WHAT YOU WILL DO: With the pictures left out, reproduce exactly the lines from the one containing "914 Avery St" through the final line of the entries.

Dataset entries
>>>>>

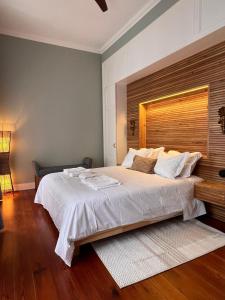 a bedroom with a large white bed with a wooden headboard at Hommage in Horta
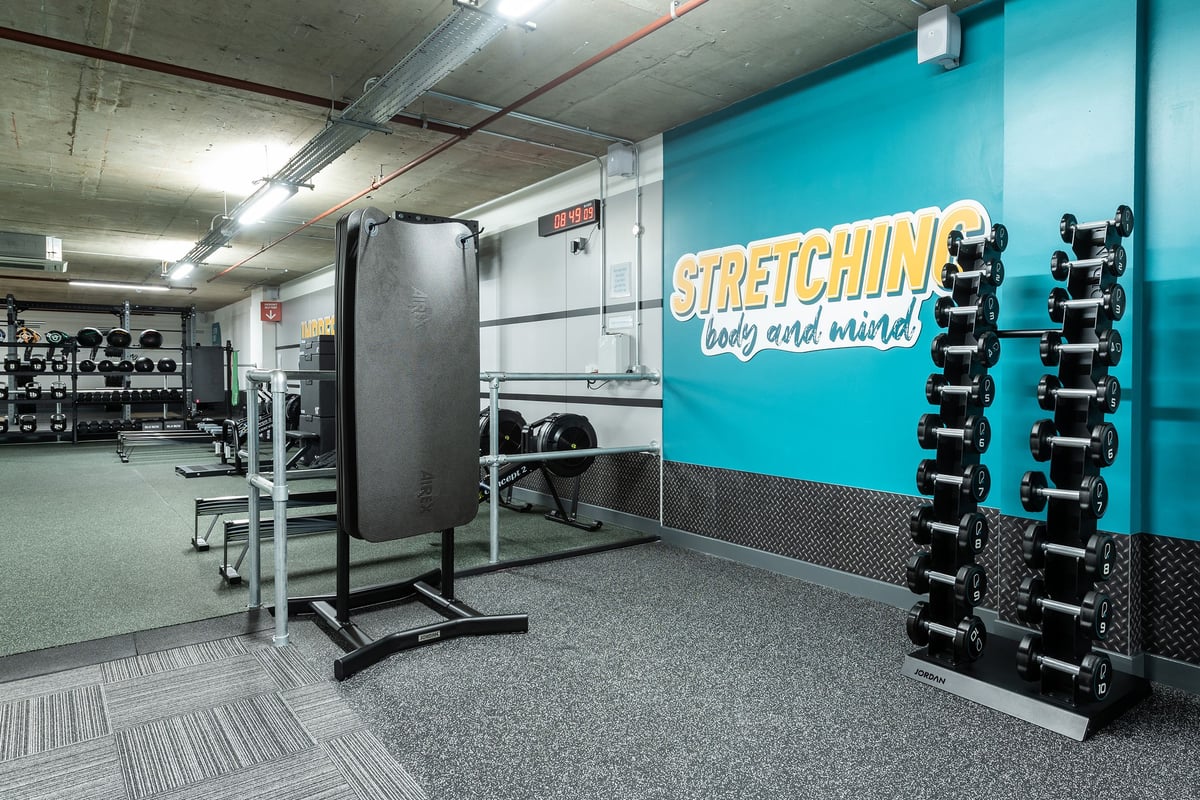 PureGym London Angel: Stretching area with padded benches, resistance bands, wall mirrors, and rubberized flooring.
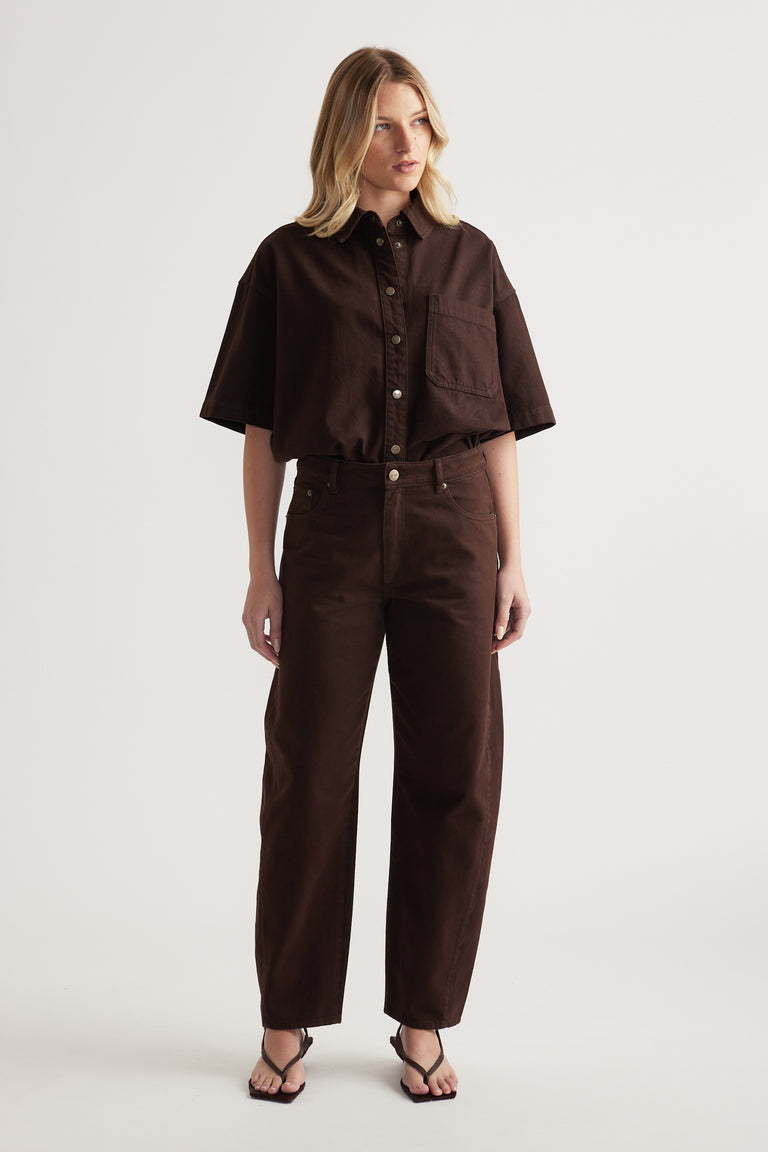 Woman wearing a chocolate brown cropped shirt with matching barrel leg jeans and black strappy sandals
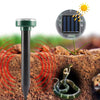 A solar ultrasonic pest repeller device is shown next to a green snake in soil.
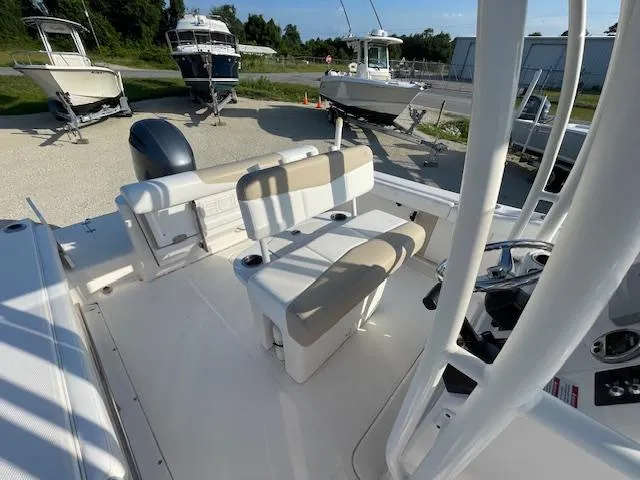 Slide: The Image of 2016 Robalo 2220 Center Console boat interior with seating and steering console. - 5
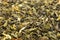 Dry leaves of green tea background texture, heap of dried leaves Chinese green teas with primiems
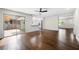Open-concept living area with hardwood floors, sliding glass doors, and a view into the modern kitchen at 147 Hermer Nw Cir, Atlanta, GA 30311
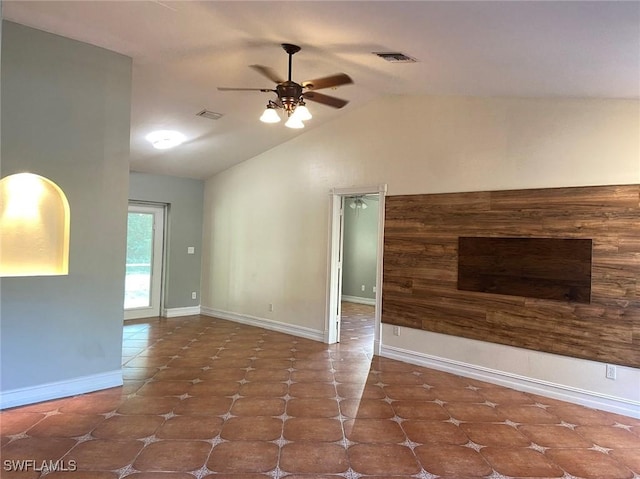 914 Avery St E, Lehigh Acres, FL 33974 - unfurnished living room with a ceiling fan, lofted ceiling, and tile patterned floors
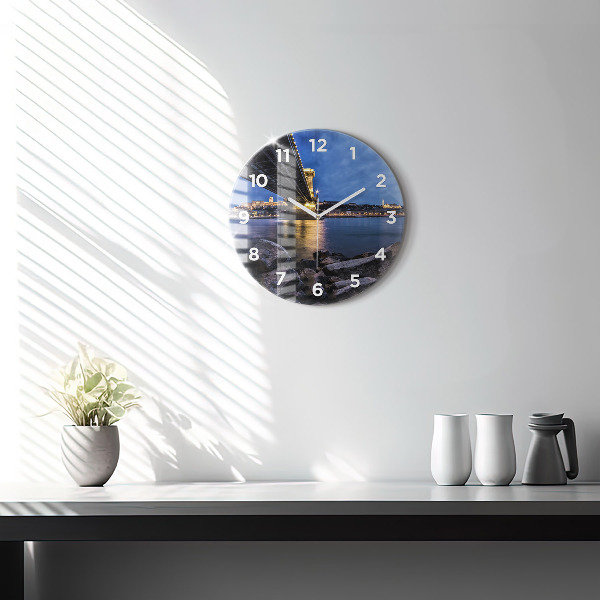 Round glass clock Rocky shore under the bridge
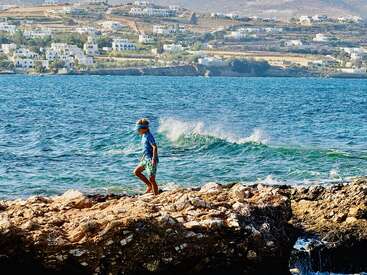 A boy walks barefoot on rocky shore by the sea, with turquoise waves behind him and white houses dotting the hillside under a bright, sunny sky.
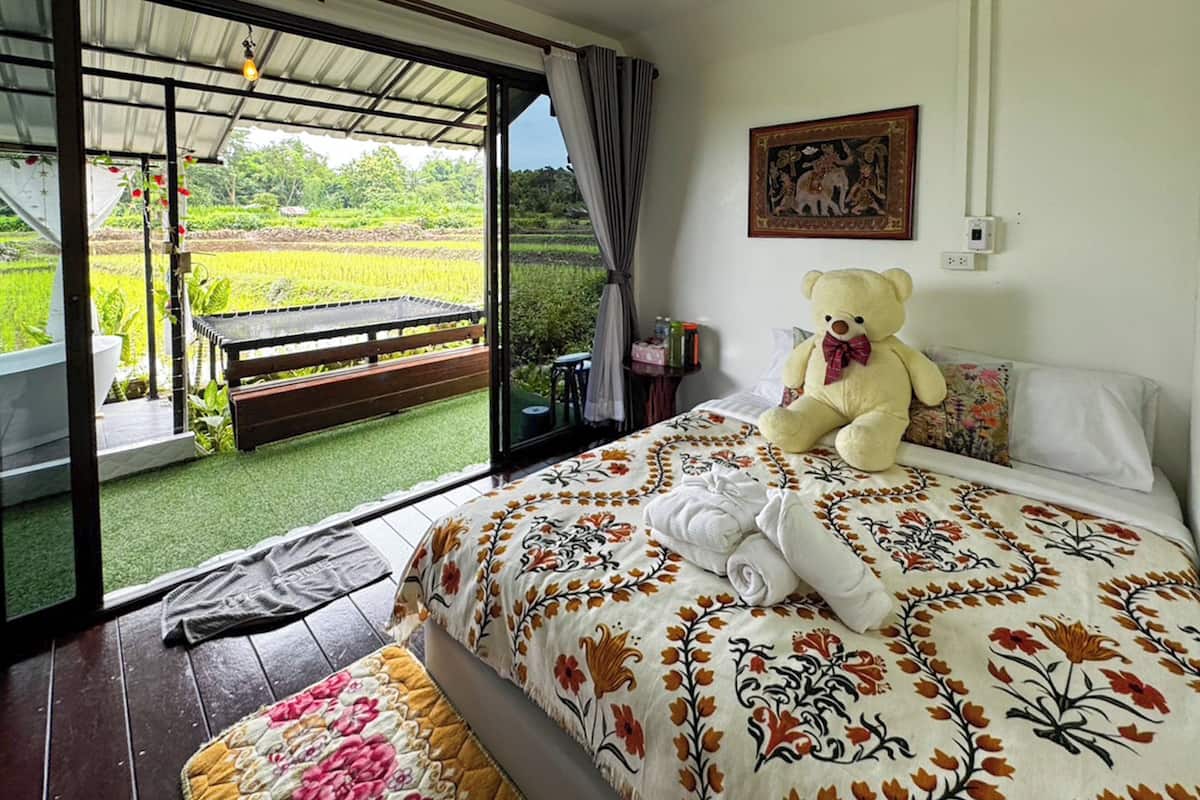 A bedroom with a bed, a large teddy bear, a painting, and a view of a green landscape through an open door.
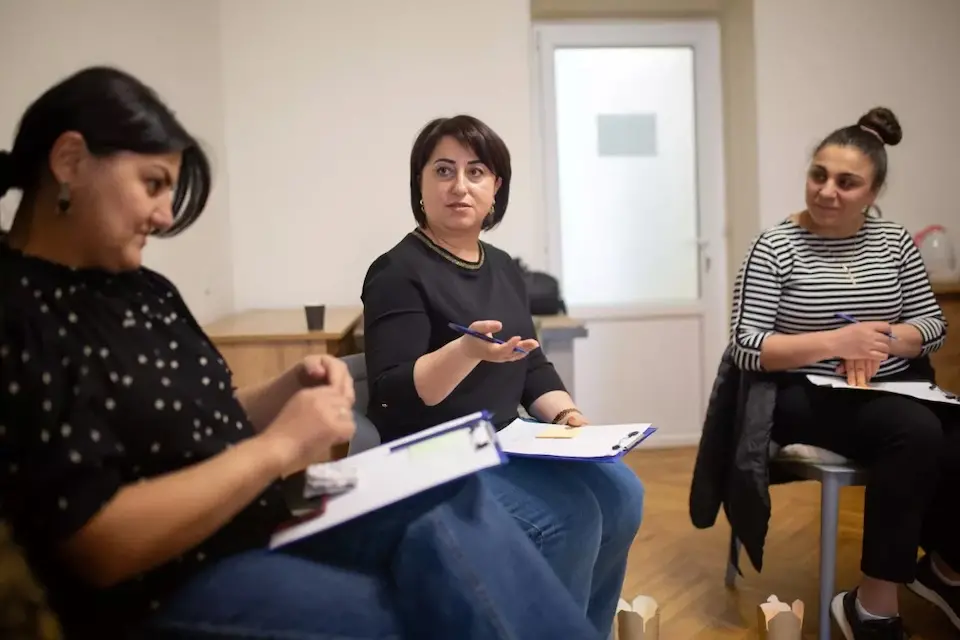 In Yerevan, Armenia, refugee parents meet for a group discussion supported by UNICEF and partners.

<<<<<

TASK ANSWER:
 914 Avery St E, Lehigh Acres, FL 33974 - unfurnished living room with a ceiling fan, lofted ceiling, and tile patterned floors
 Round glass clock Rocky shore under the bridge
 A boy walks barefoot on rocky shore by the sea, with turquoise waves behind him and white houses dotting the hillside under a bright, sunny sky.
 A bedroom with a bed, a large teddy bear, a painting, and a view of a green landscape through an open door.
 In Yerevan, Armenia, refugee parents meet for a group discussion supported by UNICEF and partners.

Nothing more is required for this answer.